In some regions, the government has signed pacts promising emergency food
aid and long-term development assistance for farmers who tear up their own
crops.
Officials describe the Guamuez valley as a vast network of industrial coca
plantations financed and managed by drug dealers. Locals disagree.
"It's not one person with a huge plantation, it's a chain of little crops,"
said Alfonso Martinez, a former mayor in the town of La Hormiga.
"The government has never had a serious social policy in the Putumayo - and
they still don't. Two months after they fumigated we still haven't seen any
aid," he said, warning that some peasants, despairing of government aid,
were already replanting their illegal crops with a new strain of high-yield
Peruvian coca.
"There has been a delay, but that's because we're setting up a social
programme which is unprecedented in Colombia. We really believe we can
solve Putumayo's problems," said Gonzalo de Francisco, who is in charge of
Plan Colombia's social development programmes.

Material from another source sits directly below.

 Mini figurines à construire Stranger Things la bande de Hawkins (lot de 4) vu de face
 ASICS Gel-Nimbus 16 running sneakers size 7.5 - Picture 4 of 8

At today's meeting in Washington, Mr Pastrana is expected to ask the US for
up to $500m a year in extra financial assistance, and trade preferences to
help bail out the struggling Colombian economy.
With unemployment nudging 20%, he believes that the anti-narcotics campaign
and peace talks with Farc both depend on social investment. He has warned
that without greater investment in drug-producing regions, poor Colombians
will continue to work in the drugs trade or sign up with the armed factions
which have perpetuated Colombia's 37-year civil war.

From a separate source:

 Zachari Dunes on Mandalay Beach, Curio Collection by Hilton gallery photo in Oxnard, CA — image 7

Most of the first tranche of US aid went towards helicopters, equipment and
training for the elite anti-narcotics army battalions leading the
fumigation drive.
Troops from the new battalions patrol the roads leading into the Guamuez
valley, but towns in the region are dominated by paramilitary groups. In La
Hormiga, militiamen with hand-guns in their waistbands keep watch in the
town square.
Late last year the paramilitaries launched a campaign of massacres and
assassinations to drive out the Farc guerrillas, who had dominated the
region for decades. Their success helps explain the lack of guerrilla
resistance to the fumigation campaign in Putumayo.
In rebel-dominated Caqueta state, however, fumigation sorties have come
under heavy ground fire, and last week an armed rescue unit - including US
civilian contract workers - braved guerrilla bullets to save the crew of a
downed police helicopter.
But the brunt of the anti-narcotics campaign has been borne by small
farmers and Indians, said German Martinez, a local ombudsman in the town of
Puerto Asis.
"If this is just about destroying coca crops and burning labs, no matter
the price, then it's a victory," he said. "But if you don't tackle the
social causes, the peasants will continue growing illegal crops. We
shouldn't just be eradicating coca - we should be eradicating poverty."